Sekolah beken lho ini… Ilmu diperoleh tidak cuma-cuma. Alias ‘nggak gretongan,’ bayar biaya masuk saja sudah sangat ‘wow.’ Belum pengeluaran tetek bengek lainnya setelah sah menjadi siswa maupun siswi di sekolah beken itu. Menyaingi gaji PNS masa kini. Lalu kenapa memilih sekolah nan mahal? Fasilitas mengenai pembelajaran dijamin, sangat menunjang KBM (Kegiatan Belajar Mengajar). Jika bersekolah di situ, secara umum Anda dicap anak pintar. Enak ya?
Mempertahankan prestasi jelas tidak mudah.
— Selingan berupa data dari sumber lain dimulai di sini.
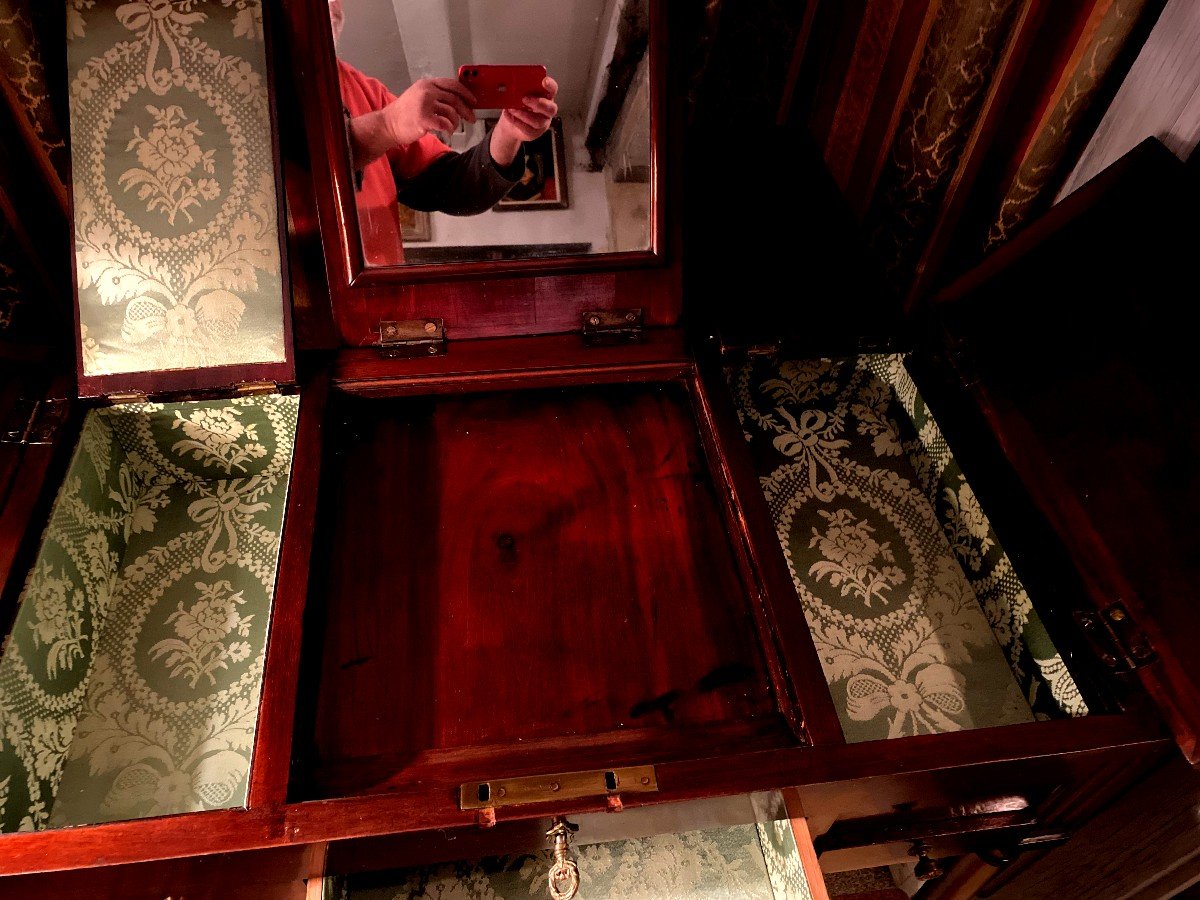 Sober And Beautiful Powder Table In Cuban Mahogany From The 18th Century, Louis XVI Fluted Spindle Feet-photo-4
Hidup ini seperti roda, kadang di atas kadang di bawah. Pun sama halnya dengan sekolah beken. Maka setiap Kepala Sekolah pada tahun jabatannya, dituntut untuk menghasilkan prestasi-prestasi yang telah ditentukan. Ini seriusan.
Jadi tugas Kepala Sekolah tak segampang prasangka. Selama menjabat, kepalanya akan dibuat pusing tujuh keliling agar siswa-siswinya dapat membawa pulang piala usai perlombaan.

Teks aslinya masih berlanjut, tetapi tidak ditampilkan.